W. S. Lee, “The relationship between job characteristics and job satisfaction toward affective commitment: The case of engineers in Sapakat Setia Perunding SDN BHD,” MBA thesis, School of management, Universiti Sains Malaysia, George Town, Malaysia,



  1. This is an interesting topic. It seems that job satisfaction relies on a few different variables that interact to make a positive outlook. As you suggested, the content of the job plays an important role as does social support from others. Another variable may play a part in this, effectively making a trio that affects job satisfaction. Personal traits may be this third variable. The fact is, everyone is different so individual differences may be the make or break when it comes to being satisfied with a job.
    A study I found shows that the ‘big five’ traits may play an important role in “how individuals interpret characteristics of their jobs. (Gilbert, 1995) So, the interpretation of the job may play an important role in how people feel about it. A person with a strong personality may think of one job differently than a person with a less aggressive personality, so individual characteristics may be an important part of job satisfaction.
    This is an interesting post and I think all the factors you mentioned play a part in job satisfaction. Individual differences seem to play a big role, and would be good to look into. Good post.

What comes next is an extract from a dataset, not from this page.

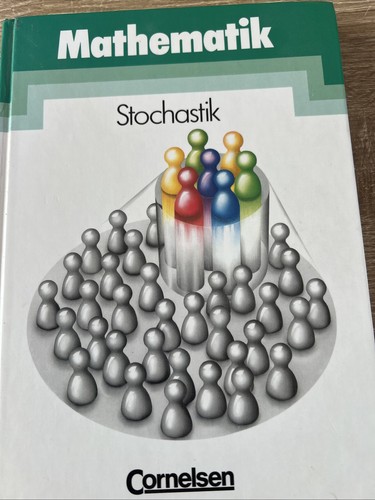 Mathematik stochastik - :“,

    Gilbert, D. T., & Malone, P. S. (1995). The correspondence bias.Psychological Bulletin, 117(1), 21-38.

  2. This is interesting. It seems like both job characteristics and social support are important to job satisfaction. It is necessary to be in a job where you are satisfied with the company you are working for in order to be willing to stay with the company for the long term. Knowing what the job entails and being willing to work with those details is important for daily happiness in a job. For example, I knew going into working with special needs kids part of my job would be changing diapers at least twice a day and that does not bother me but for another person that part may make the job unbearable for them even if they like the rest of the responsibilities. Growth in the company is needed in order to keep from feeling stuck in a position which could lead to boredom and unhappiness. Knowing that there are other positions to work towards keeps people willing to do their best in hopes of obtaining an even better position. Respect for what you do is important, especially in the social aspect of the day. When I worked in jobs that did not have respect I often felt embarrassed when the question would come up, “So what do you do?” and this inevitably led me to feeling unhappy in my job.
    However, even if you have all of these things but do not get along with your co-workers or have social support within the job each day can feel miserable.I agree with Lautongmeesakun and Wichian that social support is important but I disagree with the idea that it affects the worker indirectly. Not having a person to talk to, work out problems with or just get a smile and “hello” from directly affects you since it can make you feel alienated by the other workers and unhappy in what you do. The frustration in this feeling can lead to poor work ethics because you no longer care about the position and just want to find somewhere better. So, no matter how great a company is, how much respect the position has, how much you enjoy most of the duties and the amount of growth is possible if the social support is not there nothing else matters. It can quickly change a great job into a miserable one where the days seem to last forever.